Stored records
########################################
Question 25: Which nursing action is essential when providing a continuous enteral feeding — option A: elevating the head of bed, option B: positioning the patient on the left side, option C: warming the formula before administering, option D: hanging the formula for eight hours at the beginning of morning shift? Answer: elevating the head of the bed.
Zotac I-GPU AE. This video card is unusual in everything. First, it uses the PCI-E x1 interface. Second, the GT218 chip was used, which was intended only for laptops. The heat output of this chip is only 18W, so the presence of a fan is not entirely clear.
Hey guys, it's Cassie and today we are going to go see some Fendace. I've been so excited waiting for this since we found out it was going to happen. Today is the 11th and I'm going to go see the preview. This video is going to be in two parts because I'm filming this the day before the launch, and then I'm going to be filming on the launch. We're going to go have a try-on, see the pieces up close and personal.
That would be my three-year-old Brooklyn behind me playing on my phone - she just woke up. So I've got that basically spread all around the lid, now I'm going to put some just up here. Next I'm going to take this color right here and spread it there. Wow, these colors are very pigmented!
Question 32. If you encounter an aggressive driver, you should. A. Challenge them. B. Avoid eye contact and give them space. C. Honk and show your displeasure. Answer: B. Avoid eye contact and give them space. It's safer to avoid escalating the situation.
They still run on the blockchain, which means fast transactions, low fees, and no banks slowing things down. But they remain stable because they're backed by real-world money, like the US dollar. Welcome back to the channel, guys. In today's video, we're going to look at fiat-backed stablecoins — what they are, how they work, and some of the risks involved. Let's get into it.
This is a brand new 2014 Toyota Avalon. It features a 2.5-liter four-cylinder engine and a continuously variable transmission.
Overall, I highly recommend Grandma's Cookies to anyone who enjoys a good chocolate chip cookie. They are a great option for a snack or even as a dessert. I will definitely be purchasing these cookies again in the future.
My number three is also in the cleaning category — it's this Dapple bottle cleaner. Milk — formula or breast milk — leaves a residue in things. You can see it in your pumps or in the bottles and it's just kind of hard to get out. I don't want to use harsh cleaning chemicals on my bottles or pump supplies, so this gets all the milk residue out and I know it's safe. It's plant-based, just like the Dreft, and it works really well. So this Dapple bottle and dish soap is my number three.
########################################
> WORK INSTRUCTION:
Set every entry down verbatim.

> EXERCISE ANSWER:
Question 25: Which nursing action is essential when providing a continuous enteral feeding — option A: elevating the head of bed, option B: positioning the patient on the left side, option C: warming the formula before administering, option D: hanging the formula for eight hours at the beginning of morning shift? Answer: elevating the head of the bed.
Zotac I-GPU AE. This video card is unusual in everything. First, it uses the PCI-E x1 interface. Second, the GT218 chip was used, which was intended only for laptops. The heat output of this chip is only 18W, so the presence of a fan is not entirely clear.
Hey guys, it's Cassie and today we are going to go see some Fendace. I've been so excited waiting for this since we found out it was going to happen. Today is the 11th and I'm going to go see the preview. This video is going to be in two parts because I'm filming this the day before the launch, and then I'm going to be filming on the launch. We're going to go have a try-on, see the pieces up close and personal.
That would be my three-year-old Brooklyn behind me playing on my phone - she just woke up. So I've got that basically spread all around the lid, now I'm going to put some just up here. Next I'm going to take this color right here and spread it there. Wow, these colors are very pigmented!
Question 32. If you encounter an aggressive driver, you should. A. Challenge them. B. Avoid eye contact and give them space. C. Honk and show your displeasure. Answer: B. Avoid eye contact and give them space. It's safer to avoid escalating the situation.
They still run on the blockchain, which means fast transactions, low fees, and no banks slowing things down. But they remain stable because they're backed by real-world money, like the US dollar. Welcome back to the channel, guys. In today's video, we're going to look at fiat-backed stablecoins — what they are, how they work, and some of the risks involved. Let's get into it.
This is a brand new 2014 Toyota Avalon. It features a 2.5-liter four-cylinder engine and a continuously variable transmission.
Overall, I highly recommend Grandma's Cookies to anyone who enjoys a good chocolate chip cookie. They are a great option for a snack or even as a dessert. I will definitely be purchasing these cookies again in the future.
My number three is also in the cleaning category — it's this Dapple bottle cleaner. Milk — formula or breast milk — leaves a residue in things. You can see it in your pumps or in the bottles and it's just kind of hard to get out. I don't want to use harsh cleaning chemicals on my bottles or pump supplies, so this gets all the milk residue out and I know it's safe. It's plant-based, just like the Dreft, and it works really well. So this Dapple bottle and dish soap is my number three.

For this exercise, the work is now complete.